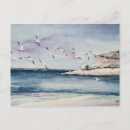 Search for seagull painting postcards Ocean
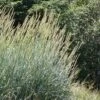 Great Basin Wildrye -Daily Garden Joy Shop leymus cinereus close up plant select great basin wildrye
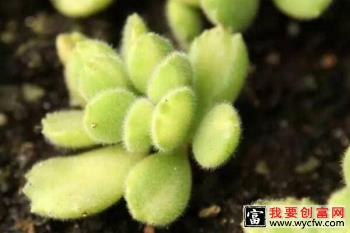 多肉植物熊童子怎么养，熊童子养殖经验分享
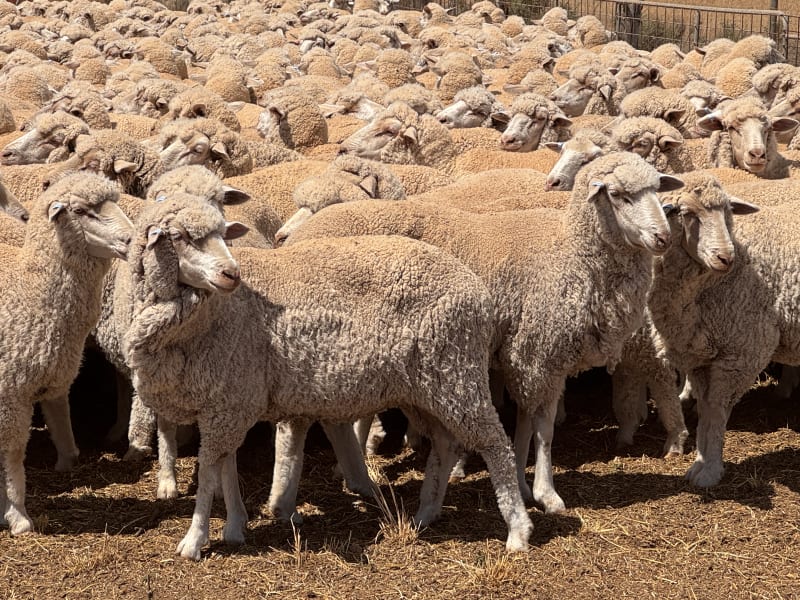 849 Poll Merino Ewes, Aug/Sept 23 Drop, Maramville Blood, Penong SA - Agora Livestock listing Y4LU5KN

*Description of the task*:
Each line from the one with "Great Basin Wildrye -Daily" to the end of the material needs to be output word for word, with no picture included.

*Exercise output*:
 Great Basin Wildrye -Daily Garden Joy Shop leymus cinereus close up plant select great basin wildrye
 多肉植物熊童子怎么养，熊童子养殖经验分享
 849 Poll Merino Ewes, Aug/Sept 23 Drop, Maramville Blood, Penong SA - Agora Livestock listing Y4LU5KN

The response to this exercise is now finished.